Kurt Yeniği ve Diğer Delikler:
Bu tür tomruklardan elde edilen kerestelerde de kalite ve kantite randıman azalması görülmektedir. Tomrukta yüzeysel olarak böcek delikleri varsa prizma kesiş, derin böcek deliklerinde ise keskin kesiş metoduyla üretim yapılmalıdır.
Gövde Konikliği:
Her tomrukta az yada çok koniklik vardır. Silindire yakın olan ve aşağıdan yukarıya doğru çıkıldıkça normal bir çap düşüşü (1 cm./m.) gösteren gövdelere dolgun veya silindirik gövde denmektedir. Bunun aksine gövdenin aşağıdan yukarıya doğru gidildikçe normalden daha fazla çap düşüşü gösteren tomruklara konik tomruk denmektedir. Kereste üretiminde verimi düşüren önemli bir faktördür. Konik tomruklardan elde edilen kerestenin direnç özellikleri, dolgun gövdelerden elde edilen kerestelere göre daha düşüktür. Gövde dolgunluğu bakımından en başta Göknar gelmekte, bunu sırasıyla Ladin ve Çam takip etmektedir.
Oluklu Gövde Oluşumu:
Bazı ağaç gövdeleri enine kesitte daire şeklinden ayrılarak kaba, girintili, çıkıntılı ve çevrede oluklu bir durum almaktadır. Oluklu gövde oluşumu bazı ağaç türlerinde irsel olup örneğin Gürgen, Porsuk, Servi ve Karaağaç’da gövde enine kesitinde yıllık halkalar kaba dalgalı, girintili çıkıntılı ve gövde yüzeyi olukludur.
İki Özlülük:
İki veya daha fazla sayıda özlü gövdelerin direnç özellikleri normal gövdelere göre farklı ve değeri düşük bulunmaktadır. Bu gibi gövdeler keresteyle biçilmesinde dağılırlar.

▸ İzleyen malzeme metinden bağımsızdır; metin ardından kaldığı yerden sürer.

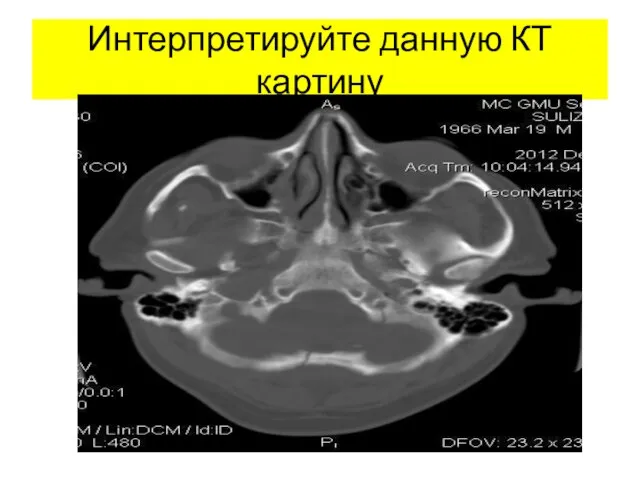 Интерпретируйте данную КТ картину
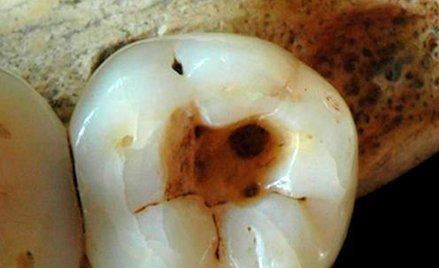 Ludzki ząb ze śladami interwencji dentystycznej sprzed 14 tysięcy lat.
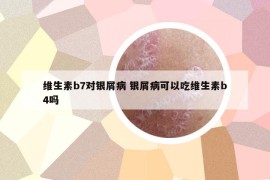 維生素b7對銀屑病 銀屑病可以吃維生素b4嗎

Keskin kesişle yapılan üretimde küçük çap testere levhasına paralel olmalıdır. İki gövdenin birleşme noktasında üretilen iç kabuklu kereste tasnife alınmamalıdır.Keskin kesiş yöntemiyle kereste üretilecekse, reaksiyon odunu bulunmayan oval enine kesite sahip tomruklarda, daha geniş tahta elde etmek için enine kesitin büyük çapı, testere levhasına paralel olmalıdır. Reaksiyon odunu oluşumu varsa, büyük çap testere levhasına dik olmalıdır. Yanları alınmış kereste üretmek için prizma kesiş yapılıyorsa, reaksiyon odunu bulunmayan oval enine kesitlere sahip tomrukların biçilmesinde, birinci kesişte küçük çap testereye paralel olmalıdır. Böylece elde edilen prizmadan keskin kenarlı daha geniş tahta üretmek mümkün olur. Reaksiyon odunu bulunan tomrukların prizma kesişle biçilmesinde, ilk kesişte büyük çap testereye paralel olmalıdır. Bu şekilde yapılan üretimlerde elde edilen her tahtada reaksiyon odunu oluşumu görülmez. Fazla miktarda eksantrik olarak gelişmiş gövdeler düşük değerli olup yıllık halka genişlikleri, ilkbahar ve yaz odunu genişlikleri düzensizdir.
Eksantrik Büyüme:
Eksantriklik, özü enine kesitin merkezinde bulunan oval büyüme ve özün çevreye doğru kaçık olduğu reaksiyon odunu oluşumu olarak, iki şekilde görülmektedir. Her iki oluşuma göre, tomrukların şerit testere makinesinde biçilmesinde farklı yol izlenmelidir. İğne yapraklı ağaç tomrukların da görülen reaksiyon odununa “basınç odunu”, yapraklı ağaç tomrukların da görülen reaksiyon odunu oluşumuna ise “çekme odunu” denmektedir. Basınç odunu ihtiva eden tomruklardan mümkünse kalın keresteler biçilmelidir. Ayrıca bu tür tomrukların biçme öncesi tomruk arabasında tespit edilmesinde sıkıştırma işlemi hatasız taraftan yapılmalıdır. Yani öncelikle basınç odunu kısmı biçilmelidir. Çünkü basınç odunu kısmının sıkıştırma kancalarıyla tespit edilmesi zordur. Çekme odununa sahip tomrukların biçilmesinde testere levhası sıkışmakta ve testere dişleri, lifleri kesme yerine koparmaya meyillidir. Bunu önlemek için çekme odunu biçilmesinde her zaman iyi bilenmiş keskin testereler kullanılmalıdır.
Çeşitli Yaralar:
Fırtına, kar, dolu, yıldırım gibi iklimsel faktörler yanında hayvanlar ile taşıma araçları ve insanların neden olduğu bir kısım yaralar tomrukta kaliteyi düşüren faktörlerdir.3. SONUÇ Kerestenin kalite özellikleri üzerine, kalınlık farklılığı, yüzey pürüzlülüğü, eğri biçme ve ondülelilik gibi üretim kusurları yanında böcek deliği, renklenme, budak, çatlak, çürüklük ve lif kıvrıklığı gibi odun özelliklerine ait kusurların oranına göre üretilen kerestenin kalite sınıfı azalmaktadır. Odun özelliklerine ait kusurların oluşumu genelde tomruğun yetişme şartları yanında kesimden sonra ormanda yada fabrikada depolanması şartlarına bağlıdır. Her iki durumda da oluşan kusurların, kereste üretim aşamasında özellikle ana makine operatörleri tarafından, kontrol edilerek tanınması ve tomruk kusur yada özelliklerine göre yukarda belirtilen şekillerde biçilmesi kerestenin özelliklerini iyileştirmesi bakımından gereklidir.